Fraser: So why don’t we at least talk about the bare minimum here.

Paul: Yeah, yeah, yeah, so to get started we have to zoom out. We have to go to the very biggest scales in the universe. And we have to go to such big scales that entire galaxies with 300 or 500 billion stars are just a single point of light. So that’s the scales we’re talking about. We’re looking at the whole entire universe at once. And we notice something about the way the galaxies are arranged in our universe. They’re not just scattered around randomly. And this was actually a surprising discovery. When we first started mapping the universe in the late ‘70s and early ‘80s, we kind of expected the galaxies to be just like you spill sand on a table, it’s just random.

Pamela: And this is that Hook or Gellar diagram with the man standing up in it.
Paul: Yep, yep, exactly. We noticed like, wait a minute, wait a minute. The galaxies are doing something; they’re arranged in a pattern. And as we build bigger and bigger surveys and mapped out more and more of the universe, it became apparent that the galaxies are arranged in a pattern that we call the cosmic web because it kind of looks like a spider web. There’s long strings of galaxies, there’s dense clumps where the strings connect to each other, there’s sheets of galaxies, like big two dimensional walls. And then there’s these big empty spaces with no galaxies at all.

Fraser: So what was the mechanism that created that structure in the universe?

Paul: Yeah, so this is one of the coolest things I think about in cosmology, is the source of the structure in the universe on the grandest scales actually comes from submicroscopic fluctuations in the very fundamental fabric of space time. In the very early universe, and I mean early, like 10-40 seconds after the big bang. There’s all these virtual particles that are being created and destroyed, there’s this quantum foam concept that fundamental space time is roiling and boiling, it’s not smooth at all.

And there was an event in the early universe called inflation where it took these submicroscopic, super fundamental fluctuations and inflated them, made them bigger to be like microscopic, not submicroscopic, now they’re microscopic.
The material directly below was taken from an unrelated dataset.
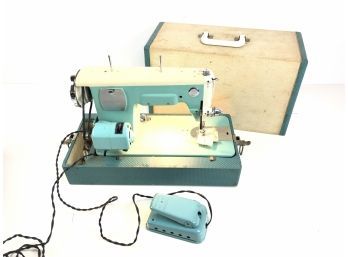 Vintage Fiati Sewing Machine With Case, WORKS - #S7-1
And that laid the seeds of structure. Because there are some places in the universe that were a teensy little bit more dense, and some places in the universe that were a teensy little bit less dense, and then over time, over 13 billion years, those little pockets, the ones that are a little bit more dense, have a little bit more gravity so they attract a little bit more matter, and a little bit more, and more attracted, more gravity, more stuff.

And you build up structures and then those places that were a little bit empty, all their stuff gets sucked out of them. They get pulled towards what become the clusters and the ropes and the filaments and the walls and they leave behind those evacuated spaces. So actually, this large scale structure pattern that we see in the universe today was seeded at submicroscopic, subatomic scales over 13 billion years ago.
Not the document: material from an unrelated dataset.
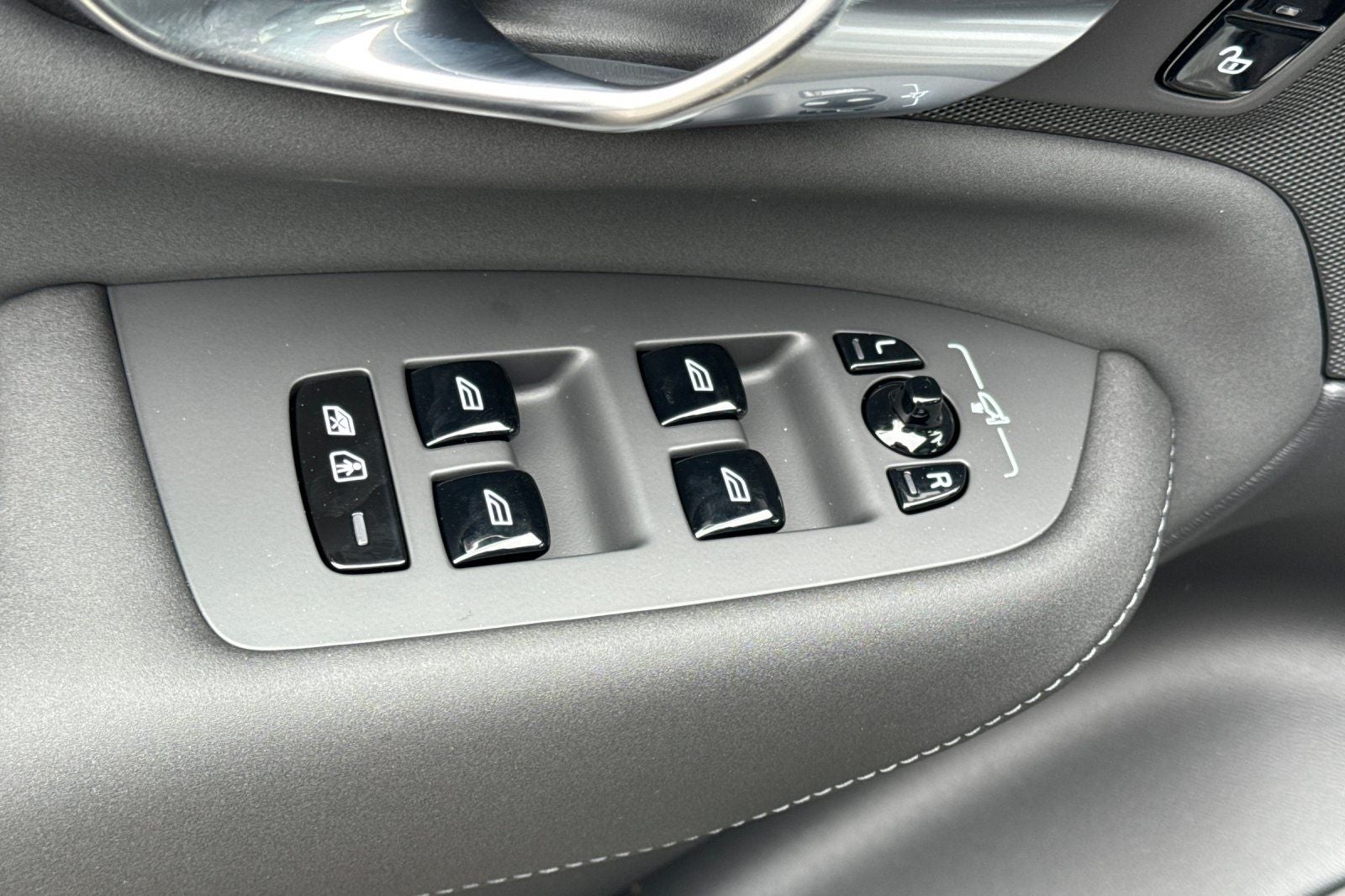 2026 Volvo XC90 B5 Plus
Fraser: That’s kind of amazing. Go ahead.

Pamela: What’s totally awesome about this is because light takes time to travel we can see this entire process happening.

Paul: Yeah, exactly. Exactly.

Pamela: We look back to the cosmic microwave background, we see the initial hot and cold spots that traced out these densities whether they be over or under, we look at the early universe when the first stars are turning on and reionizing the universe and we see the structures. They’re a lot more; well, homogeneous across that epoch of time. And as we get closer and closer to now, the universe gets more and more like lacy Swiss cheese instead of baby Swiss cheese.

Paul: Exactly. And the universe will continue to evolve for billions of years. So the cosmic web that we see today is an evolving thing, it’s a changing thing under the influence of gravity and under the influence of the continued expansion of the universe. So eventually the structures that we have now will continue to glue themselves together and eventually the walls will disappear because they will gravitationally collapse. The filaments, the ropes, those will get sucked down into the clumps. And eventually the cosmic web that we see will be replaced by isolated spheres, isolated clumps of gigantic clusters of galaxies. There’ll be no more ropes, no more filaments, no more webs.

Fraser: And the voids will, I guess, just disappear at this point. There’ll just be the one big connected void.

Paul: Yeah, exactly. In fact, there’s some recent evidence, some analysis and simulations that suggest that cosmic voids are actually all connected to each other, even in the universe today. Which means that if you found yourself in a cosmic void one of these empty patches in the universe; you could travel to any other cosmic void in the universe without ever passing through a dense clump, without ever crossing a wall or a filament or a cluster. That there already may be completely connected together and that this connection will only continue to be enhanced as time goes on.

Fraser: Right.

Pamela: Space is mostly empty.

Paul: Yeah, that’s why it’s called space.

Pamela: Right. Right. You and I are mostly empty space no matter what our bathroom scales may say. And it starts to be the smaller you are, the further you can go without having anything on your horizon. And it’s evolving more and more towards nothing.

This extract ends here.